Copy out all the entries below, word for word.

╭─ EXERCISE INPUT

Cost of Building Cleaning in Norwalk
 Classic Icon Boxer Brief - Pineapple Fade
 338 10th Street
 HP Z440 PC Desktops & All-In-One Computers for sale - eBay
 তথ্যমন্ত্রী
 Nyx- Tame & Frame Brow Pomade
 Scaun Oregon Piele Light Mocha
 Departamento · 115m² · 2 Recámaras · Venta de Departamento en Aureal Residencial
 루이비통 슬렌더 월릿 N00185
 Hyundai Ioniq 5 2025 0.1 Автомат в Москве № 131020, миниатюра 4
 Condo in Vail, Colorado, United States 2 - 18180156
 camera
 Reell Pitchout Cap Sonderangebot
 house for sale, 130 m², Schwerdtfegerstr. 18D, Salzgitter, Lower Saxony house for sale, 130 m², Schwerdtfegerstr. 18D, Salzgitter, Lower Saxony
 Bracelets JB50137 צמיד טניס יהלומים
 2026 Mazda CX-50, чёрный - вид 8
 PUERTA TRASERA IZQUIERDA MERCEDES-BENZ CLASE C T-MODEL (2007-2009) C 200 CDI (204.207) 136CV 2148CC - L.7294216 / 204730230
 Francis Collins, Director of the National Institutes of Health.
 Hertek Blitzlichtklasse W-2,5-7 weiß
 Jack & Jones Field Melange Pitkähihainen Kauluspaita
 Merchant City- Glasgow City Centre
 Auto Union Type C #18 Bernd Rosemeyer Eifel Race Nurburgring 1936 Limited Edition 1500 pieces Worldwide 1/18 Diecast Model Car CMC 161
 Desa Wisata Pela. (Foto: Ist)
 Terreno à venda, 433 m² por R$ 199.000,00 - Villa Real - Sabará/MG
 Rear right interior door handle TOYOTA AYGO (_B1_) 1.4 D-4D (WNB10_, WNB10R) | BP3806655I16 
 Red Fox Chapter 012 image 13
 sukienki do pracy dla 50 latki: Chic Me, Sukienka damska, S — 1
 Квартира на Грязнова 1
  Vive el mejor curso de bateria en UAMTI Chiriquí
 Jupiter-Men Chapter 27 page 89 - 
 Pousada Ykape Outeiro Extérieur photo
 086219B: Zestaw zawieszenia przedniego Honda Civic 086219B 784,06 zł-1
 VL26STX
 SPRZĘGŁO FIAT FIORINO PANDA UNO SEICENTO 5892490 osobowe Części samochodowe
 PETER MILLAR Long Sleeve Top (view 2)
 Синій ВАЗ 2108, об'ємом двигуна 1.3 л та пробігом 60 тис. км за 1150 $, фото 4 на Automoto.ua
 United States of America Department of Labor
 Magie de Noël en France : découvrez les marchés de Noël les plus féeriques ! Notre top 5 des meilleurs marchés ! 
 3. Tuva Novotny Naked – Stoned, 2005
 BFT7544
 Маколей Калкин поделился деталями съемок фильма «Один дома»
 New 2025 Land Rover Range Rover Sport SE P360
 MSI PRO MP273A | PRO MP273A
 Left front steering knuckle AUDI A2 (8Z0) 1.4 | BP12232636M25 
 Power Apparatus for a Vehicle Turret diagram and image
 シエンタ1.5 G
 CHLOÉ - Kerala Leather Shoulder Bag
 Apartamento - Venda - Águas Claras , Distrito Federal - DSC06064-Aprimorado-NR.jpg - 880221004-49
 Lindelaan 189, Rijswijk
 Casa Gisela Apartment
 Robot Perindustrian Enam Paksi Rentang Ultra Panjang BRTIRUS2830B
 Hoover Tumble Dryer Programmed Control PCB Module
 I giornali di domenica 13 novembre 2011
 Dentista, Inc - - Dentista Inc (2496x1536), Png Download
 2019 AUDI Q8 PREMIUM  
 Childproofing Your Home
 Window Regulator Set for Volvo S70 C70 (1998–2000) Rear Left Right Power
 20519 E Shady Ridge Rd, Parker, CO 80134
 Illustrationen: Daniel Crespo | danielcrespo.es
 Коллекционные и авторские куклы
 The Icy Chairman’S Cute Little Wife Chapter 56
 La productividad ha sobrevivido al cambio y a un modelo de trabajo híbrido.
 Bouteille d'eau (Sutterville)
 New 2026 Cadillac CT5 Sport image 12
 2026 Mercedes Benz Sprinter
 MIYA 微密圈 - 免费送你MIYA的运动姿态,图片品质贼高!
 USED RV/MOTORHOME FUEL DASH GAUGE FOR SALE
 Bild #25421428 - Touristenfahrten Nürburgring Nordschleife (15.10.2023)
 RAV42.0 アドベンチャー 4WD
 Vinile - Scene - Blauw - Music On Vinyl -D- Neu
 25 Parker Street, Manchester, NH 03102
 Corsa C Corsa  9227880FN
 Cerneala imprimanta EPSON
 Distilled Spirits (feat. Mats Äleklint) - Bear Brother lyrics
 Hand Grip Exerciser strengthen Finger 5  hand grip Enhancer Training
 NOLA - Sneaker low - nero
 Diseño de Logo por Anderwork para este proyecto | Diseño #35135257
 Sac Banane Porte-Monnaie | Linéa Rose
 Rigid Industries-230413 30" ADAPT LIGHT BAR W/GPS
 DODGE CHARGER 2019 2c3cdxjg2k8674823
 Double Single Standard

╰─

» **EXERCISE ANSWER**
Cost of Building Cleaning in Norwalk
 Classic Icon Boxer Brief - Pineapple Fade
 338 10th Street
 HP Z440 PC Desktops & All-In-One Computers for sale - eBay
 তথ্যমন্ত্রী
 Nyx- Tame & Frame Brow Pomade
 Scaun Oregon Piele Light Mocha
 Departamento · 115m² · 2 Recámaras · Venta de Departamento en Aureal Residencial
 루이비통 슬렌더 월릿 N00185
 Hyundai Ioniq 5 2025 0.1 Автомат в Москве № 131020, миниатюра 4
 Condo in Vail, Colorado, United States 2 - 18180156
 camera
 Reell Pitchout Cap Sonderangebot
 house for sale, 130 m², Schwerdtfegerstr. 18D, Salzgitter, Lower Saxony house for sale, 130 m², Schwerdtfegerstr. 18D, Salzgitter, Lower Saxony
 Bracelets JB50137 צמיד טניס יהלומים
 2026 Mazda CX-50, чёрный - вид 8
 PUERTA TRASERA IZQUIERDA MERCEDES-BENZ CLASE C T-MODEL (2007-2009) C 200 CDI (204.207) 136CV 2148CC - L.7294216 / 204730230
 Francis Collins, Director of the National Institutes of Health.
 Hertek Blitzlichtklasse W-2,5-7 weiß
 Jack & Jones Field Melange Pitkähihainen Kauluspaita
 Merchant City- Glasgow City Centre
 Auto Union Type C #18 Bernd Rosemeyer Eifel Race Nurburgring 1936 Limited Edition 1500 pieces Worldwide 1/18 Diecast Model Car CMC 161
 Desa Wisata Pela. (Foto: Ist)
 Terreno à venda, 433 m² por R$ 199.000,00 - Villa Real - Sabará/MG
 Rear right interior door handle TOYOTA AYGO (_B1_) 1.4 D-4D (WNB10_, WNB10R) | BP3806655I16 
 Red Fox Chapter 012 image 13
 sukienki do pracy dla 50 latki: Chic Me, Sukienka damska, S — 1
 Квартира на Грязнова 1
  Vive el mejor curso de bateria en UAMTI Chiriquí
 Jupiter-Men Chapter 27 page 89 - 
 Pousada Ykape Outeiro Extérieur photo
 086219B: Zestaw zawieszenia przedniego Honda Civic 086219B 784,06 zł-1
 VL26STX
 SPRZĘGŁO FIAT FIORINO PANDA UNO SEICENTO 5892490 osobowe Części samochodowe
 PETER MILLAR Long Sleeve Top (view 2)
 Синій ВАЗ 2108, об'ємом двигуна 1.3 л та пробігом 60 тис. км за 1150 $, фото 4 на Automoto.ua
 United States of America Department of Labor
 Magie de Noël en France : découvrez les marchés de Noël les plus féeriques ! Notre top 5 des meilleurs marchés ! 
 3. Tuva Novotny Naked – Stoned, 2005
 BFT7544
 Маколей Калкин поделился деталями съемок фильма «Один дома»
 New 2025 Land Rover Range Rover Sport SE P360
 MSI PRO MP273A | PRO MP273A
 Left front steering knuckle AUDI A2 (8Z0) 1.4 | BP12232636M25 
 Power Apparatus for a Vehicle Turret diagram and image
 シエンタ1.5 G
 CHLOÉ - Kerala Leather Shoulder Bag
 Apartamento - Venda - Águas Claras , Distrito Federal - DSC06064-Aprimorado-NR.jpg - 880221004-49
 Lindelaan 189, Rijswijk
 Casa Gisela Apartment
 Robot Perindustrian Enam Paksi Rentang Ultra Panjang BRTIRUS2830B
 Hoover Tumble Dryer Programmed Control PCB Module
 I giornali di domenica 13 novembre 2011
 Dentista, Inc - - Dentista Inc (2496x1536), Png Download
 2019 AUDI Q8 PREMIUM  
 Childproofing Your Home
 Window Regulator Set for Volvo S70 C70 (1998–2000) Rear Left Right Power
 20519 E Shady Ridge Rd, Parker, CO 80134
 Illustrationen: Daniel Crespo | danielcrespo.es
 Коллекционные и авторские куклы
 The Icy Chairman’S Cute Little Wife Chapter 56
 La productividad ha sobrevivido al cambio y a un modelo de trabajo híbrido.
 Bouteille d'eau (Sutterville)
 New 2026 Cadillac CT5 Sport image 12
 2026 Mercedes Benz Sprinter
 MIYA 微密圈 - 免费送你MIYA的运动姿态,图片品质贼高!
 USED RV/MOTORHOME FUEL DASH GAUGE FOR SALE
 Bild #25421428 - Touristenfahrten Nürburgring Nordschleife (15.10.2023)
 RAV42.0 アドベンチャー 4WD
 Vinile - Scene - Blauw - Music On Vinyl -D- Neu
 25 Parker Street, Manchester, NH 03102
 Corsa C Corsa  9227880FN
 Cerneala imprimanta EPSON
 Distilled Spirits (feat. Mats Äleklint) - Bear Brother lyrics
 Hand Grip Exerciser strengthen Finger 5  hand grip Enhancer Training
 NOLA - Sneaker low - nero
 Diseño de Logo por Anderwork para este proyecto | Diseño #35135257
 Sac Banane Porte-Monnaie | Linéa Rose
 Rigid Industries-230413 30" ADAPT LIGHT BAR W/GPS
 DODGE CHARGER 2019 2c3cdxjg2k8674823
 Double Single Standard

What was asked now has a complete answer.